America's school finance system exacerbates the problem. Despite the best efforts of state legislatures and courts to mandate some degree of equalization in funding, wide disparities still exist between the resources in urban and suburban districts. While suburban schools prosper from a strong local tax base, urban schools decline. It's a cycle that has many poor families understandably desperate for alternatives.
None of this is to suggest that inner-city education is uniformly poor. There are remarkable success stories -- Harlem's Central Park East schools, for example, which have been the subject of intense national study. Decades of research, however, have settled on one sobering conclusion: As long as urban schools lack the resources available to their suburban counterparts, success will remain a heroic exception rather than the norm.
The issue is money
"If money is not the issue, I'd like to know why the rich are spending so much on their suburban school systems," said Jonathan Kozol, who has written extensively on the condition of urban public schools. "In the New York area, the per-pupil expenses are $6,000 in the Bronx, but $16,000 in Great Neck, Long Island.
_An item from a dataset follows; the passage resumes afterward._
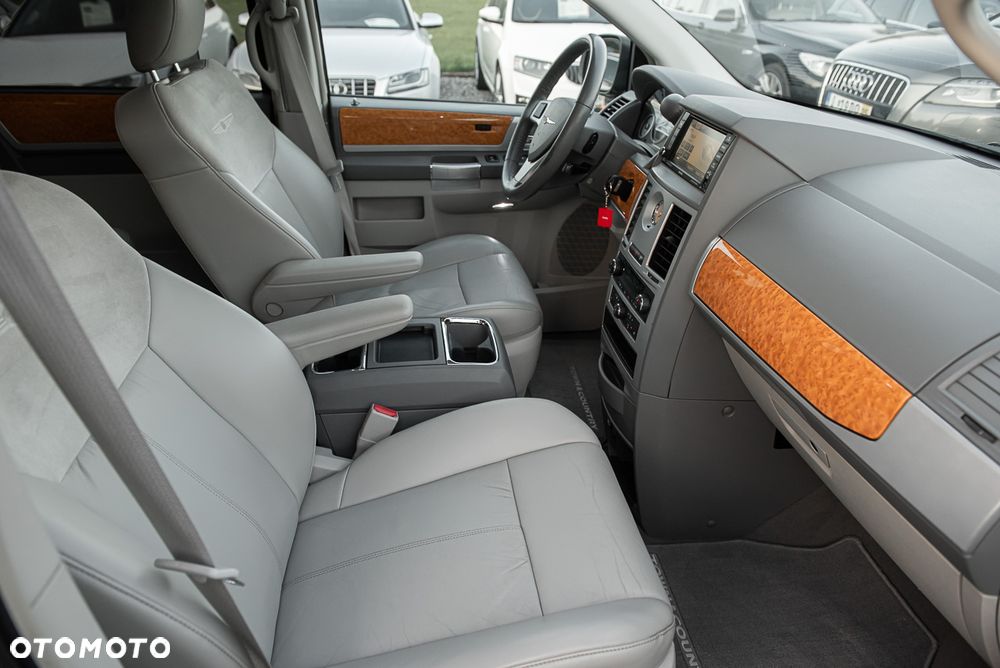 Chrysler Town & Country - 21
They spend that much because, even allowing for the inevitable inefficiencies in any large system, you get what you pay for."
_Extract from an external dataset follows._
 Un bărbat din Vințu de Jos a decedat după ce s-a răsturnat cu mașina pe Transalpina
Given the terrible condition of inner-city public schools, many poor families look to Catholic alternatives. All the evidence suggests they're wise to do so. Studies differ on how to explain the higher test scores and greater levels of parental satisfaction associated with inner-city Catholic schools, but virtually everyone concedes that, for whatever reason, urban Catholic schools often provide a better education for poor children.
Why do Catholic schools succeed? A host of factors is involved: size, with Catholic elementary schools serving populations of 200-400, while public schools routinely serve over 1,000; selectivity, as Catholic schools can pick and choose their students, while public ones have to take everyone; the greater academic rigor of many Catholic schools; parental involvement; and the spirit of community that is part of the Catholic belief system.
"You have to taste it to know the tremendous difference our schools make," said Sister of Notre Dame Phyllis Cook, principal of St. Columbkille's Elementary School in South-Central Los Angeles.
However one accounts for it, the argument that inner-city children are often better educated, safer and more cared for in Catholic schools seems convincing. This argument holds, of course, as long as the frame of reference is the inner city. In America's suburbs, well-funded public school systems perform every bit as well, and in some cases better, than the private competition.
"In urban areas, it's clear that kids in Catholic schools do better than in the public schools. The more affluent the public school is, the better it does," said Leonard DeFiore, president of the National Catholic Educational Association.